Pension schemes will be free to decide how and when to move to the new Normal Minimum Pension Age (NMPA) of age 57 by 2028, meaning some may raise theirs earlier than that, a Treasury consultation proposes.
The consultation on increasing the NMPA could be interpreted as further moving of the retirement goalposts, warn pension experts, and could lead to knee-jerk moves to pull benefits before 2028, even though those with pre-existing rights will remain protected.
The normal minimum pension age will increase from 55 to 57 in 2028, in line with the increase in state pension age to 67.
The government proposes to offer a protection regime that means an individual member of any registered pension scheme who has a right under the scheme rules at the date of this consultation to take pension benefits at an age below 57 will be protected from the increase in 2028.

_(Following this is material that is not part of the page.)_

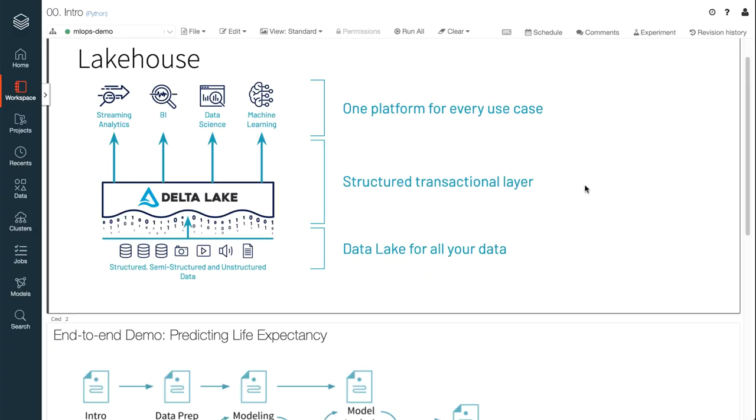Welcome to Databricks. The Lakehouse is a simple and open data platform for storing and managing all of your data that supports all of your analytics and AI use cases.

Individuals who do not have a protected pension age but take scheme benefits before age 57 after 5 April 2028 would be subject to unauthorised payments tax charges
The government proposes that individuals should retain their protection as part of a transfer from one scheme to another where they become a member of another pension scheme as a result of a block transfer.
The government has recognised the special position of members of the armed forces, police and fire services, and proposes not to apply the increase in the NMPA to individuals in those pension schemes.
Canada Life technical director Andrew Tully says: “A protection regime will benefit those who currently have a right to take benefits before age 57, but it is disappointing to see the Government propose a continuation of the existing ‘block transfer’ rules. These rules are complex and can prevent individuals benefitting from the pension freedoms, by taking the most suitable option for their circumstances. Removing the block transfer rules and allowing those affected to keep their entitlement to a lower pension age on transfer would be a positive move.
“This confirmation of the timing of the increase in the normal minimum pension age will be welcome to individuals and advisers and give time for appropriate planning over the next seven years.”
Hymans Robertson partner Michael Ambery says: “Many individuals and corporate sponsors will need to carefully consider the implications of proposed increase in age at which pensions savers can access their pensions without penalty to 57. In particular it will have an impact to the decisions on the timing of when they take their pension benefits. Individual pension savers could be put off by changes that on the face of things may just sound like you need to work for longer and money is locked away. In the current environment saving for retirement and what that looks like may mean this may feel unpopular. A change to the earliest point at which an individual can claim pension benefits and the payment of benefits such as State pension and other pensions becomes a juggling act where an individual will need help and support in order to determine best approach and timing of taking benefits.
“Most pension arrangements are still based on anticipated retirement at age 65. Recent experience shows less than half of individuals actually retire at the age they have targeted. This means that individuals could be invested incorrectly.
“If there are changes, as proposed in this consultation integrating retirement age and adequacy, and communicating this clearly to members, will be key to ensure that any change legislation is understood and made appropriate for the individual investor. Focus should be on how providers of pensions and corporates deliver the changes through pension scheme design and via member engagement/ wellbeing.”
Dalriada Trustees professional trustee Sarah Brough says: “There is a possibility that some employees will rush to retire before the step up kicks in. So communication with members will be important, ensuring they make informed decisions on taking benefits rather than just a knee-jerk reaction to the change in the law. As with the 2010 change, increasing normal minimum pension age from 50 to 55, trustees and members will need to pay close attention to the requirements for protected pension ages (PPAs). For those affected, failure to adhere to the PPA conditions can be costly. Employers and trustees will need to give thought to implementation of the change at a scheme level, subject to the overriding requirement that NMPA is 57 by 2028. A phased introduction may be influenced by an employer’s own philosophy on working longer and flexibly.”